___ ENTRIES PROVIDED ___

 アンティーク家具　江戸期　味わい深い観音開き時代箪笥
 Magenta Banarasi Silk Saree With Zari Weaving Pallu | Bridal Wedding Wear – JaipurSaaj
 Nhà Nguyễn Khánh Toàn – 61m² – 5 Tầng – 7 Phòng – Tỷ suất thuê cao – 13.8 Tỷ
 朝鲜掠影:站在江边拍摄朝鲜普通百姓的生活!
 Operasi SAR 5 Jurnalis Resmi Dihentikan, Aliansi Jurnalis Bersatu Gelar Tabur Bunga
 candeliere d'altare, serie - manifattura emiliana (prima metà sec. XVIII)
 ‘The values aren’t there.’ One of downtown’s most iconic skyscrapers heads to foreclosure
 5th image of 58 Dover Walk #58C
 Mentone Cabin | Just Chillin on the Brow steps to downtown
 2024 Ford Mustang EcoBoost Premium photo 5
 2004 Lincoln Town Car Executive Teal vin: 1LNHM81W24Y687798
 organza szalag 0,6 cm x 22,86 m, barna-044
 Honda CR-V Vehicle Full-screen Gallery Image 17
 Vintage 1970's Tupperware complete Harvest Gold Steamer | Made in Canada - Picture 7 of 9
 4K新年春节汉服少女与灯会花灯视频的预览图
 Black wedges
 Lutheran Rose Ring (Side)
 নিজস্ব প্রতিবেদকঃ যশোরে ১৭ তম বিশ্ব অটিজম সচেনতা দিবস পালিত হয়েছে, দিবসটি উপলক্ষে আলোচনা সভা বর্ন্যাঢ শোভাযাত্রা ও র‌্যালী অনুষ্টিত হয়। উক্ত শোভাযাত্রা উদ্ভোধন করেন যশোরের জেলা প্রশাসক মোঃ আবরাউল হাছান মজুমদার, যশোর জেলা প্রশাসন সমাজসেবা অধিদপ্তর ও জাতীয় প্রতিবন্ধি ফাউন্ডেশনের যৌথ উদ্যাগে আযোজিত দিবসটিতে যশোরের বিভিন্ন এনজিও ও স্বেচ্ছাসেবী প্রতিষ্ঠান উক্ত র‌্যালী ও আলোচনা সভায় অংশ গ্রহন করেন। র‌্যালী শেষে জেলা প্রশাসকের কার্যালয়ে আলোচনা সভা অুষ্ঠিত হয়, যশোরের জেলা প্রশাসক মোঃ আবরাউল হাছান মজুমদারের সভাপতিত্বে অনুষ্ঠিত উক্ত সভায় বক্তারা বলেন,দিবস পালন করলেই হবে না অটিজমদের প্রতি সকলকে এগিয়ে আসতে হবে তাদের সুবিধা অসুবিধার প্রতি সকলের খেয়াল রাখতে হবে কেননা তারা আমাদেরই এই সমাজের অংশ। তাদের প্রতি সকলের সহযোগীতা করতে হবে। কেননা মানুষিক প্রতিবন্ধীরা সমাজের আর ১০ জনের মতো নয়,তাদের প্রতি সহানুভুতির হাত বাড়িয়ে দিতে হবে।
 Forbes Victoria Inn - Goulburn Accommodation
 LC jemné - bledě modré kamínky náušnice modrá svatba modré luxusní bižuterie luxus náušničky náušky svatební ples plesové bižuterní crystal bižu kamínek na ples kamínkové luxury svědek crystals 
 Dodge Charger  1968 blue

___

◆ EXERCISE
Please output all of the entries without changing a single character.

◆ ANSWER TO THIS EXERCISE
 アンティーク家具　江戸期　味わい深い観音開き時代箪笥
 Magenta Banarasi Silk Saree With Zari Weaving Pallu | Bridal Wedding Wear – JaipurSaaj
 Nhà Nguyễn Khánh Toàn – 61m² – 5 Tầng – 7 Phòng – Tỷ suất thuê cao – 13.8 Tỷ
 朝鲜掠影:站在江边拍摄朝鲜普通百姓的生活!
 Operasi SAR 5 Jurnalis Resmi Dihentikan, Aliansi Jurnalis Bersatu Gelar Tabur Bunga
 candeliere d'altare, serie - manifattura emiliana (prima metà sec. XVIII)
 ‘The values aren’t there.’ One of downtown’s most iconic skyscrapers heads to foreclosure
 5th image of 58 Dover Walk #58C
 Mentone Cabin | Just Chillin on the Brow steps to downtown
 2024 Ford Mustang EcoBoost Premium photo 5
 2004 Lincoln Town Car Executive Teal vin: 1LNHM81W24Y687798
 organza szalag 0,6 cm x 22,86 m, barna-044
 Honda CR-V Vehicle Full-screen Gallery Image 17
 Vintage 1970's Tupperware complete Harvest Gold Steamer | Made in Canada - Picture 7 of 9
 4K新年春节汉服少女与灯会花灯视频的预览图
 Black wedges
 Lutheran Rose Ring (Side)
 নিজস্ব প্রতিবেদকঃ যশোরে ১৭ তম বিশ্ব অটিজম সচেনতা দিবস পালিত হয়েছে, দিবসটি উপলক্ষে আলোচনা সভা বর্ন্যাঢ শোভাযাত্রা ও র‌্যালী অনুষ্টিত হয়। উক্ত শোভাযাত্রা উদ্ভোধন করেন যশোরের জেলা প্রশাসক মোঃ আবরাউল হাছান মজুমদার, যশোর জেলা প্রশাসন সমাজসেবা অধিদপ্তর ও জাতীয় প্রতিবন্ধি ফাউন্ডেশনের যৌথ উদ্যাগে আযোজিত দিবসটিতে যশোরের বিভিন্ন এনজিও ও স্বেচ্ছাসেবী প্রতিষ্ঠান উক্ত র‌্যালী ও আলোচনা সভায় অংশ গ্রহন করেন। র‌্যালী শেষে জেলা প্রশাসকের কার্যালয়ে আলোচনা সভা অুষ্ঠিত হয়, যশোরের জেলা প্রশাসক মোঃ আবরাউল হাছান মজুমদারের সভাপতিত্বে অনুষ্ঠিত উক্ত সভায় বক্তারা বলেন,দিবস পালন করলেই হবে না অটিজমদের প্রতি সকলকে এগিয়ে আসতে হবে তাদের সুবিধা অসুবিধার প্রতি সকলের খেয়াল রাখতে হবে কেননা তারা আমাদেরই এই সমাজের অংশ। তাদের প্রতি সকলের সহযোগীতা করতে হবে। কেননা মানুষিক প্রতিবন্ধীরা সমাজের আর ১০ জনের মতো নয়,তাদের প্রতি সহানুভুতির হাত বাড়িয়ে দিতে হবে।
 Forbes Victoria Inn - Goulburn Accommodation
 LC jemné - bledě modré kamínky náušnice modrá svatba modré luxusní bižuterie luxus náušničky náušky svatební ples plesové bižuterní crystal bižu kamínek na ples kamínkové luxury svědek crystals 
 Dodge Charger  1968 blue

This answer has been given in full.